I was at work on the night of the National Book Awards, and given that I work at a bookstore, it’s no surprise someone had opened an automatically updating search for all National Book Award news on one of our computers. I couldn’t have been more thrilled when Smith’s memoir won the award for best Non-Fiction, even though I hadn’t yet read her book (my copy, picked up at a HarperCollins publisher meeting–thank you!–was in my ever-growing To-Be-Read stack). Shortly after Just Kids won the National Book Award and started selling like crazy, I took a weekend trip to Seattle, and read the paperback on my plane flight west and then in the airport, waiting to return to Cambridge, while snow fell so heavily that the tails of the planes parked at the gates a few hundred feet from the terminal were obscured by the driving wall of white.
This was easily one of the best books I read this year. Just Kids is rocker, artist and poet Patti Smith’s moving memorial to her lifelong friendship with the artist Robert Mapplethorpe, and it is also a memoir that captures the musical and artistic life of New York City in the late 1960s and 1970s, a world of just-after-Warhol, peopled by the likes of Janis Joplin, Jimi Hendrix, Jim Morrison, and so many other artists and musicians, an extraordinary number of whom died young. Just Kids is also a book about art, about what it means to be an artist, to open and explore oneself in the act of creation, and about the tangled lines of art, ambition and worldly success.
This book is so open and tender that reading it feels a lot like being given a gift. From their initial chance encounters in New York City to their final conversation, days before Robert died of AIDS, Patti and Robert’s friendship is full of the deepest kinds of love and respect, and this book is a creation that comes directly out of those emotions, even as it captures the wider panorama of a generation of artists and musician and a certain era in our artistic past.
There are many memoirs written following the death of friends and loved ones (particularly when these friends were fellow writers or artists)–Gail Caldwell’s Let’s Take the Long Way Home, Ann Patchett’s Truth and Beauty, Mentor, by Tom Grimes, or Joan Didion’s The Year of Magical Thinking. It makes sense to me to want to write about a friendship after that friend has passed away, maybe because I think of writing as an act of creation and also as an act of conversation, so that when one writes so specifically both to and about a dear friend (as Smith writes both to and about Mapplethorpe) one is very much with him or her, and the object of the writing becomes present as an almost-living subject once again.
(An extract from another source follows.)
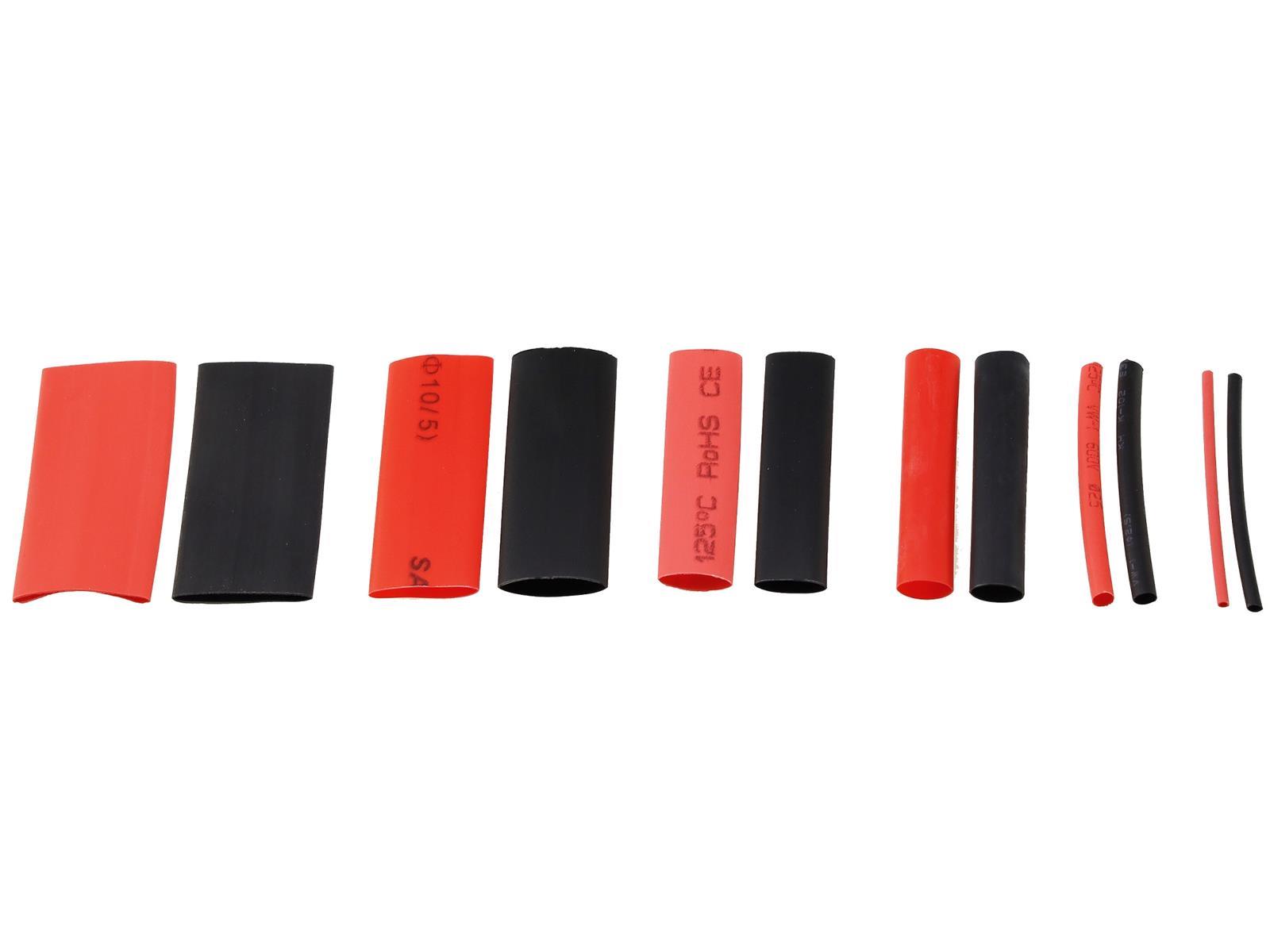 Schrumpfschlauch-Sortiment, 560-teiligin Plastikbox, Ratio 2:1, schwarz + rot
Some of the most beautiful passages in Just Kids are those in which Smith looks closely at her friendship with Mapplethorpe, and at Robert himself, and writes with poetic delicacy and great perceptiveness about her struggle to understand him and his art. This struggle, in and of itself, is very much an act of love, but what Smith shows so beautifully is how this attempt to wholly comprehend someone is separate from the unconditional love one human being can feel for another, the kind of love found in the best forms of friendship.
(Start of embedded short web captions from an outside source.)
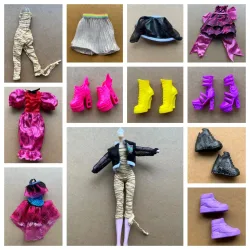 Buntes Monster-Puppenkleidungsset DIY Puppenstiefel Schuhe Sandalen Sweetpie Anziehteile Rock Hosen für Kreatives Spielen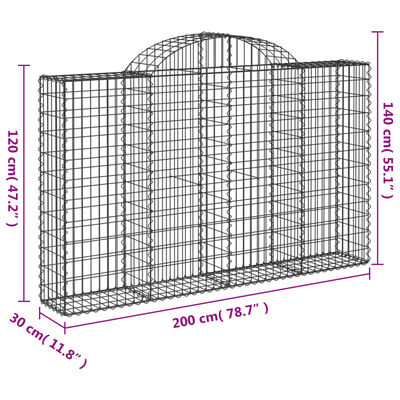 vidaXL Gabioner bågformade 18 st 200x30x120/140 cm galvaniserat järn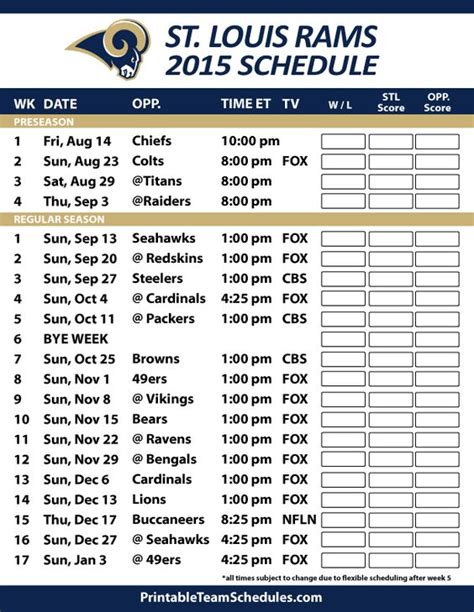 St Louis Rams Schedule Nfl Pinterest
There is a moment, late in the book, when Robert is already very ill, that captures a great deal of this for me. Patti and Robert are together in Los Angeles, and he is going to shoot the cover for her latest album (the iconic image from her first album, Horses, is also one of his photographs). Smith, who was at the time pregnant with her second child, describes the shoot:
Robert was pale and his hands shook as he set up to take the portrait before a cluster of dying palms in the full sun. When he dropped his light meter, Edward knelt to pick it up. Robert was not feeling well, but somehow he marshaled his energies and took the picture. Within that moment was trust, compassion, and our mutual sense of irony. He was carrying death within him, and I was carrying life. We were both aware of that, I know.
It is a simple photograph. My hair is braided like Frida Kahlo’s. The sun is in my eyes. And I am looking at Robert and he is alive.
This book, which I loved, is in many ways a simple book. It is Patti Smith, looking at Robert Mapplethorpe, and they’re both so beautifully alive.